Luke 15:17-18- And when he came to himself, he said, How many hired servants of my father’s have bread enough and to spare, and I perish with hunger! I will arise and go to my father, and will say unto him: make me as one of thy hired servants.
Without the Gospel You Have Nothing
Who is willing to make such an experiment, to sincerely commit to something so demanding, and all on only a sliver of hope? Well, usually none of us until we are first broken and desperate. Most of us have to try and live without the gospel first, find ourselves in dire straits because of it, and only then become willing to try the things we had previously scorned.
But let’s back up a bit. At the outset, the world offers many things, and the pleasures it promises make it very easy for us to dismiss the gospel. Entertainment, recognition, diversion, stimulation…these are all pleasant things, and the first tastes of them are so intoxicating that we believe they will forever be enough. When you have enjoyment like this, what need is there for things like resurrection, grace, eternal life, and forgiveness? We are content without them.

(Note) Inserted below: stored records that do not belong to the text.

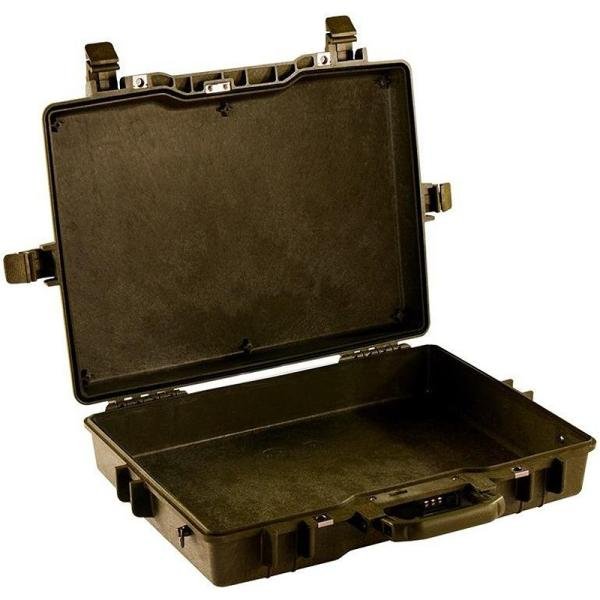 Pelican 1495NF,WL/NF,BLACK - 1495-001-110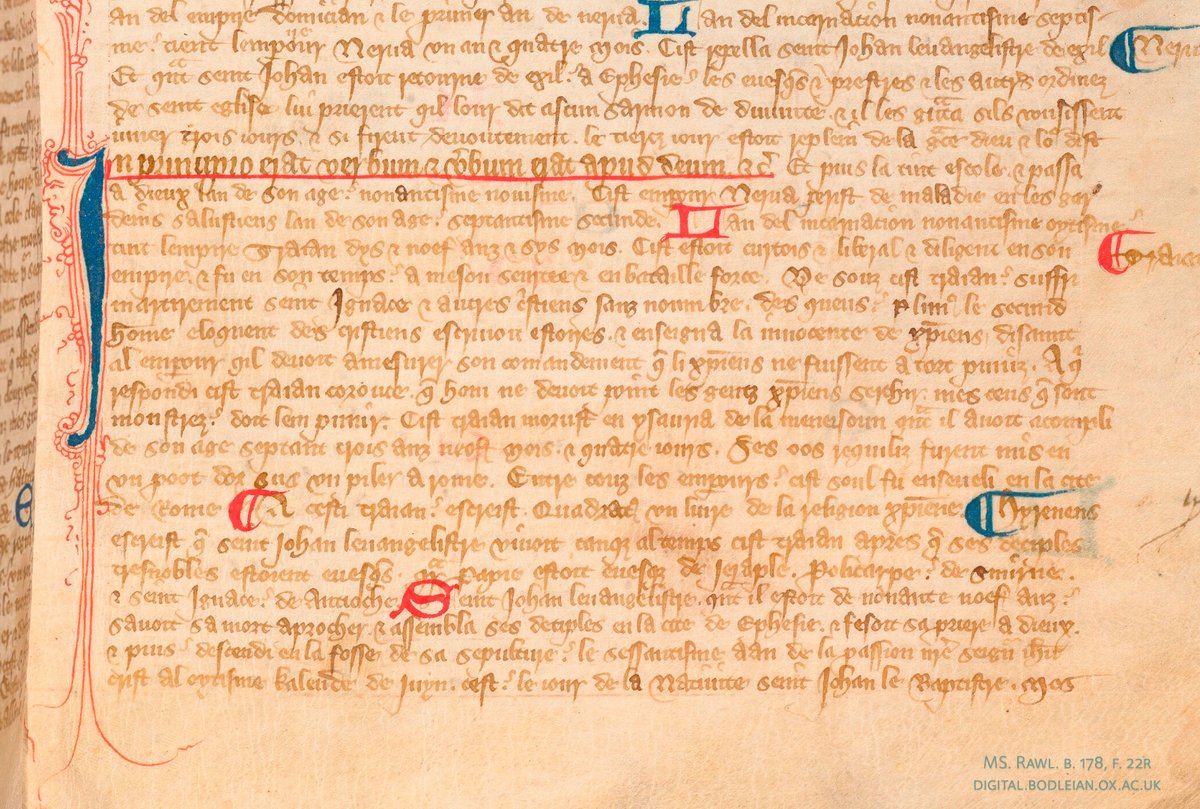 Detail from a medieval manuscript.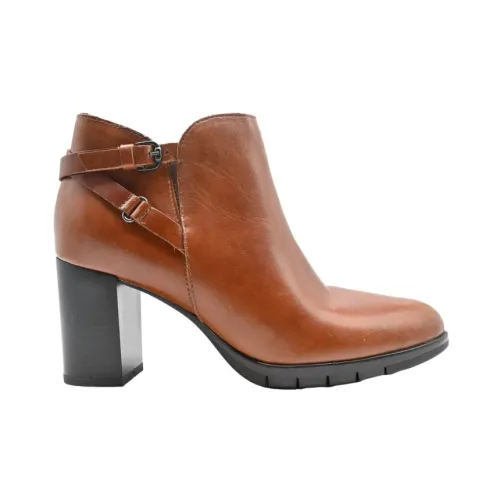 Cinzia Soft , Csid230000042 - Sneakers ,Brown female, Sizes: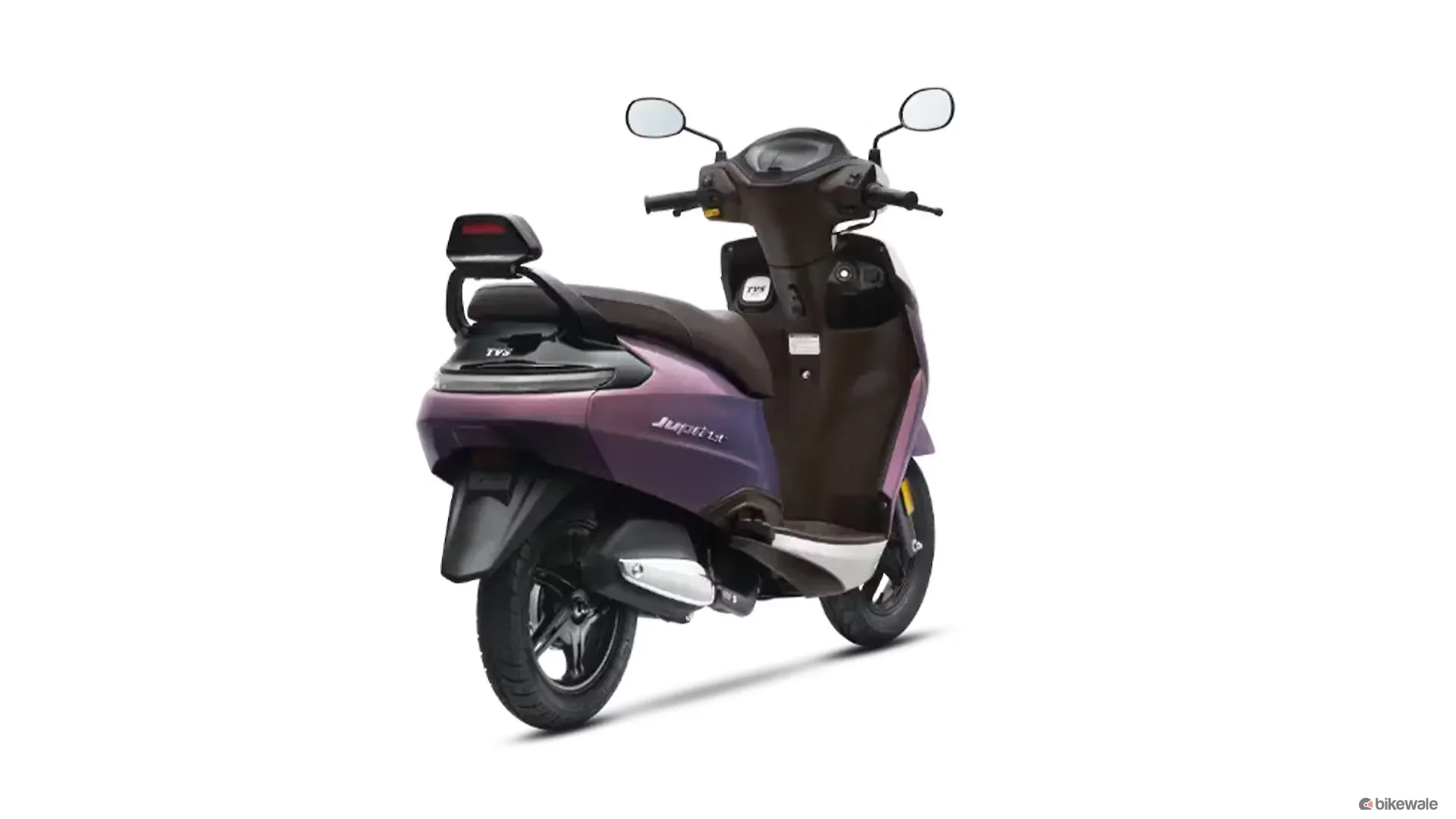 TVS Jupiter 110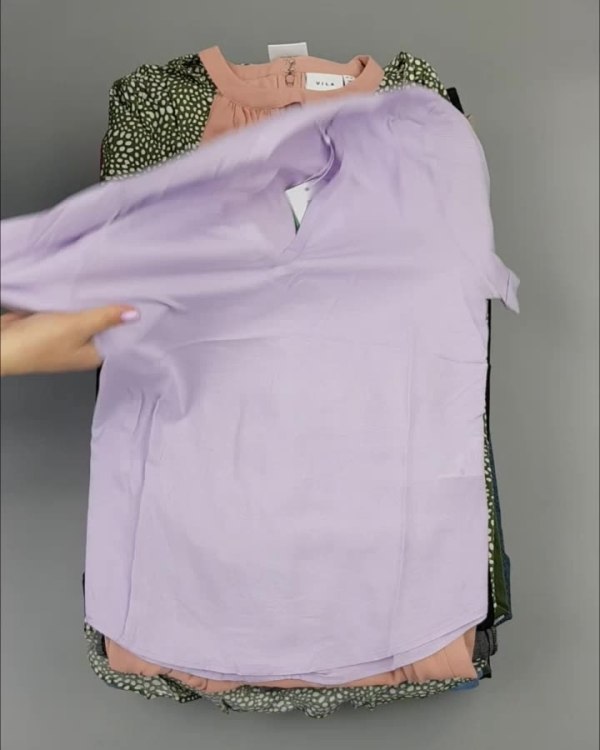 Фотография  890 - VILA Summer mix#15 кг, ЛОТ №4355 оптом в Йошкар-Оле и республике Марий Эл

In time, though, all the getting still leaves us wanting, the pleasures grow stale, some of them are even taken from us on a whim. Eventually we realize that the everything of the world means nothing to us anymore. And the spiritual things we considered to be nothing now mean everything. The soul grows desperate for the eternal, and one becomes willing to sacrifice everything of the world, just to obtain any of the grace that God is willing to measure out to them. And God, of course, is willing to measure out all of it.
John 6:68- Then Simon Peter answered him, Lord, to whom shall we go? thou hast the words of eternal life.
Matthew 13:45-46- Again, the kingdom of heaven is like unto a merchant man, seeking goodly pearls: Who, when he had found one pearl of great price, went and sold all that he had, and bought it.